My forum is being attacked. I blocked Hong Kong and China but some IP addresses were still able to register.
What is the current SSL/TLS setting?
Flexible
What are the steps to reproduce the issue?
Adding WAF to block Hong Kong and China (see attached screenshots). I did this yesterday and it was working, but it seems the attackers found a way to bypass this so today I received a lot of member registration from Hong Kong again. For example, the following IP addresses were not filtered out:
172.71.210.196
162.158.114.175
172.71.214.238
162.158.114.170
162.158.114.117
172.71.214.83
172.71.210.11
162.158.179.64
etc.
I have enabled the “Under attack” mode but would love to hear your advice.
Those are Cloudflare IP addresses from the proxy connecting to your origin. If you see those on your server you can restore visitor IPs to see the true visitor addresses…
Also ensure that your origin is only accessible through Cloudflare to prevent people bypassing it…
You should only use “Full (strict)” or your visitors’ connections are not secured between Cloudflare and your origin.
Thank you so much @sjr and @DarkDeviL for your help!
I’m going to put in place all the things you’ve suggested.

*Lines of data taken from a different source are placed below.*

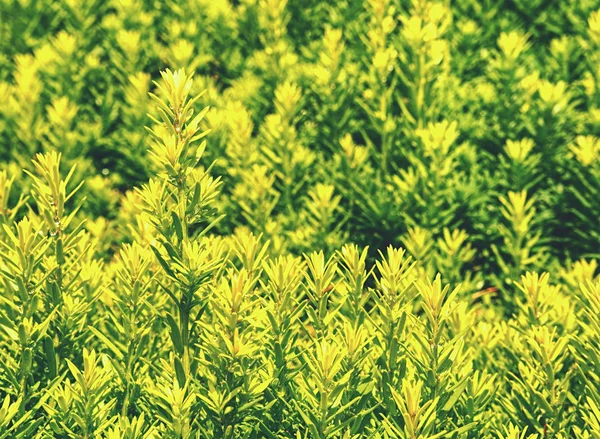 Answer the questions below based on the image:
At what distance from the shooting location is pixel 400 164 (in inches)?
142

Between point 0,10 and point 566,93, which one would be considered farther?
point 0,10

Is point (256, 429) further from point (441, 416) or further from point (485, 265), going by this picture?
point (485, 265)

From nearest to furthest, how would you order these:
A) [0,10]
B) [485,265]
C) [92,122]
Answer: [485,265] < [92,122] < [0,10]

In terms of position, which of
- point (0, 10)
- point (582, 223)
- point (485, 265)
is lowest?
point (485, 265)

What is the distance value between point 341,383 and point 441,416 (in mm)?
358

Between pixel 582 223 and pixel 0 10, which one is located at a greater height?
pixel 0 10

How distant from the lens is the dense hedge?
6.98 ft

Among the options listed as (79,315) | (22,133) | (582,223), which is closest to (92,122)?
(22,133)

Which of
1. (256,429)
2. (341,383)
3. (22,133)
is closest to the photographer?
(341,383)

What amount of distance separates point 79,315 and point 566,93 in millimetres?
2696

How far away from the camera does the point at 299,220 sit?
11.2 ft

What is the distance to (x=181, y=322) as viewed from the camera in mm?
2131

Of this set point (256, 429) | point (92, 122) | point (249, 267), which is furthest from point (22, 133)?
point (256, 429)

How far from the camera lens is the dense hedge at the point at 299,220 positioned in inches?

Initially I didn’t know what happened, so what I did is that I made the contents of my forum only accessible to registered members as a test (if you have a better idea please let me know). Then, as expected, there were a lot of registered members from Hong Kong. I can see the IP addresses from the member list (c.f. attached screenshot).

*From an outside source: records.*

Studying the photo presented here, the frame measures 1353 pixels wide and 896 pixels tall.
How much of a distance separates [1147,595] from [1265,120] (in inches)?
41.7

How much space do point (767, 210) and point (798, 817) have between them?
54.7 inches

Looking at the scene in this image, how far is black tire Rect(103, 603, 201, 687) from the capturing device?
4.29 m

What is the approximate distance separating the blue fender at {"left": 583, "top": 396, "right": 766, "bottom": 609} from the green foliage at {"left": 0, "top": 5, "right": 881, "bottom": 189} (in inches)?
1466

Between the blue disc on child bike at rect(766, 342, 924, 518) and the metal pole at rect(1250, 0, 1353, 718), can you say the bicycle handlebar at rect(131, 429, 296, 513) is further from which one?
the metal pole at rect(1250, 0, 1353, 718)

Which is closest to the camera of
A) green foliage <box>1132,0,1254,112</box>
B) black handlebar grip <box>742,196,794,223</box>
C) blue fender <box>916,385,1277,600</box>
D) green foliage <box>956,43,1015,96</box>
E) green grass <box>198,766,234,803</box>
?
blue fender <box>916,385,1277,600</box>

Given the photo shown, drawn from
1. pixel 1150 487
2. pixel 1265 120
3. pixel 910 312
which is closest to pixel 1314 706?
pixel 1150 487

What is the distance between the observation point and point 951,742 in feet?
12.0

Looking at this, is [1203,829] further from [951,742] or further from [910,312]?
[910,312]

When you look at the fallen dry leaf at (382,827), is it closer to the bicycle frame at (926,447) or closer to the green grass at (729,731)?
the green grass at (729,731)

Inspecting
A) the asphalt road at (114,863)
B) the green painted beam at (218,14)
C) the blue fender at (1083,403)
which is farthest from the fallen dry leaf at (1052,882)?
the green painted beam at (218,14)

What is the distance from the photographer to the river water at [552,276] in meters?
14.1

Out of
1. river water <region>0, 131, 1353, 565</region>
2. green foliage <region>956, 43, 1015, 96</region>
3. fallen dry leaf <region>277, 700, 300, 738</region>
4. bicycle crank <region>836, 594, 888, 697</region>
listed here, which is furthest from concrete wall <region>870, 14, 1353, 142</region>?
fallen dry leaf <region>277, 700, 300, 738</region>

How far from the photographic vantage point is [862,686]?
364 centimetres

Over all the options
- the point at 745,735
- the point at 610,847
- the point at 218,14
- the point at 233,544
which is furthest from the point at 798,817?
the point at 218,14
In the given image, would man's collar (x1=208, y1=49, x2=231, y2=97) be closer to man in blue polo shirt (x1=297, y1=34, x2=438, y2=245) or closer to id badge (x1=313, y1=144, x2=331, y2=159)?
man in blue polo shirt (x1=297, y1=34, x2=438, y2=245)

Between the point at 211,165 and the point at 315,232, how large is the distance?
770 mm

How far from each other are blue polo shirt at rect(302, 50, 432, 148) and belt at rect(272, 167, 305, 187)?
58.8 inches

Thanks. This explains why I always saw “ISP: Cloudflare Inc. ; Services: Datacenter” in the IP lookup results. But does this also mean that the WAF rule that I set (blocking China and Hong Kong) was bad because I actually only blocked the Cloudflare datacenter in Hong Kong and not the true attackers?
It turns out that blocking Hong Kong was not effective. My forum keeps being attacked even though I:
Activated Under Attack Mode
Switched the SSL setting to “Full (strict)”
Thanks to the “restoring original visitor IPs” feature, I can now be able to see that all the IP addresses are actually from Vietnam. I’m quite impressed that they were able to bypass the Under Attack Mode to register about 30 accounts and scrape the website.
These IP addresses are from Cloudflare’s datacenter in Hong Kong (this was before I installed the “Restoring original visitor IPs” module), so yes they seem to connect through Cloudflare.
Cloudflare already blocked the majority of them I think (c.f. attached screenshot), but some of them went through still.